GAIL shares in recent trading at a 38% discount to its long-term price-to-earnings average, could give a better outcome in 2020 if it gets relief from Rs 1.7 lakh crore of payment related to adjusted gross revenue (AGR) demanded by the department of telecommunications (DoT), analysts said.
The state-run natural gas marketer would be the largest beneficiary of the rising domestic gas and LNG production in the country, they said. But the stock has reduced 17% the past one year, mainly due to concerns over possible restructuring of business segments, lower-than-expected results and the recent AGR-related demand.
DoT has increased the demand after the Supreme Court expanded the definition of AGR, based on which telecom licence holders need to pay their licence fee to the government. The AGR now includes revenue from businesses unrelated to telecom as well, and that is a concern for non-telecom companies such as GAIL and Power Grid Corp that hold the licences.

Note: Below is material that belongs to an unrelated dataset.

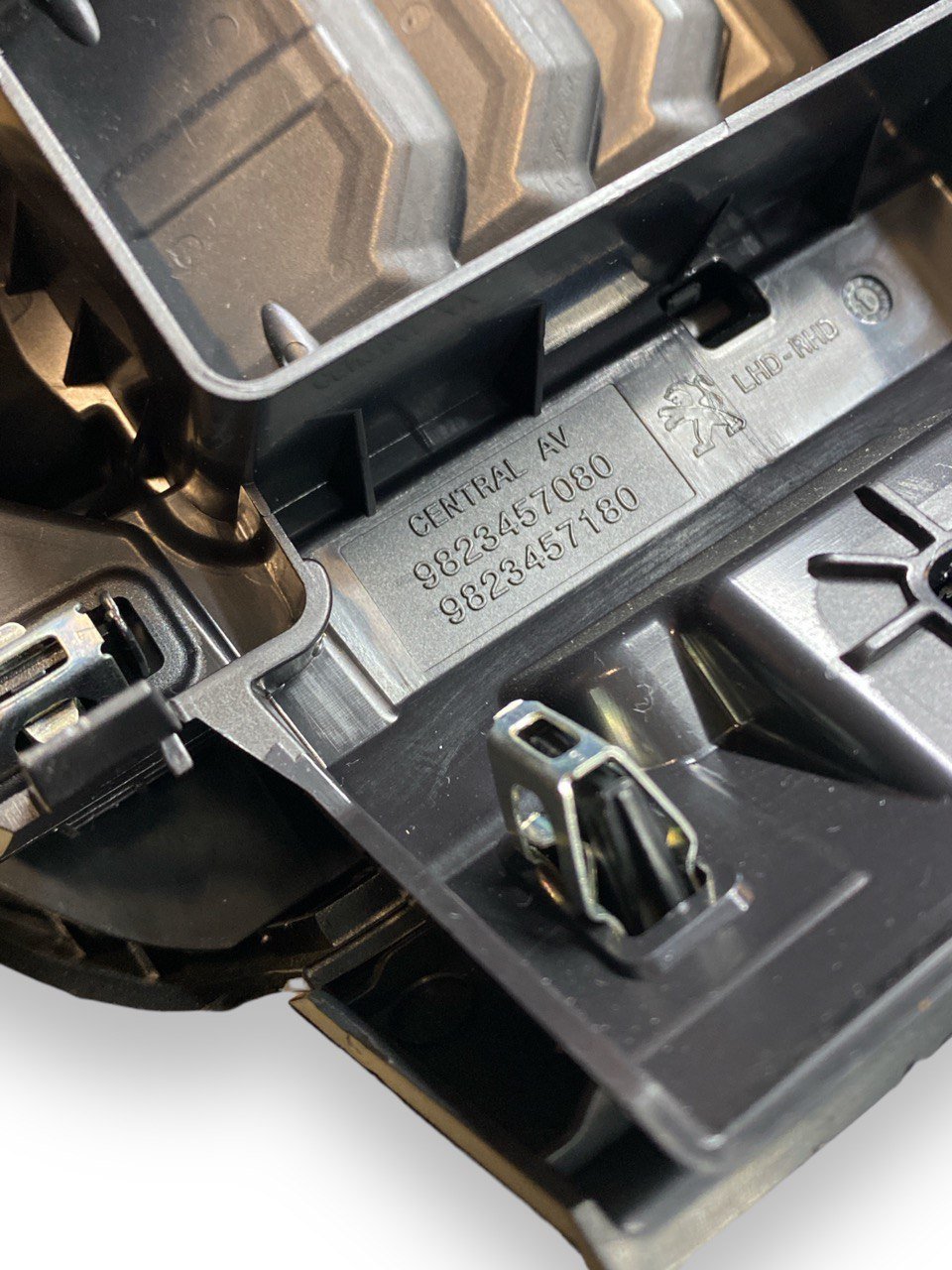 Comandi clima ( completo bocchette aria, comandi autoradio e interruttore 4 frecce ) Peugeot 2008 ( 2020 ) cod. 9823457080 - F&P CRASH SRLS - Ricambi Usati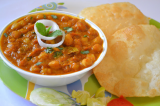 Mama’s Punjabi Recipes: Bhature wale Chole (Chickpeas Eaten With Deep Fried Bread) Mama’s Punjabi Recipes: Bhature wale Chole (Chickpeas Eaten With Deep Fried Bread)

“We believe that GAIL would be a key beneficiary of the increasing domestic gas and LNG production in the country,” said Siddhartha Khemka, the head of research at Motilal Oswal Financial Services. “Tightening norms on industrial pollution should also help the transmission segment in the longer run.”
Analysts expect an Ebidta CAGR of 14 per cent over FY2020-22, with FY22 EV/Ebitda of 5.4x. The transmission segment should remain a major contributor to Ebidta, with volumes growing to 135 million standard cubic meters per day in FY2022.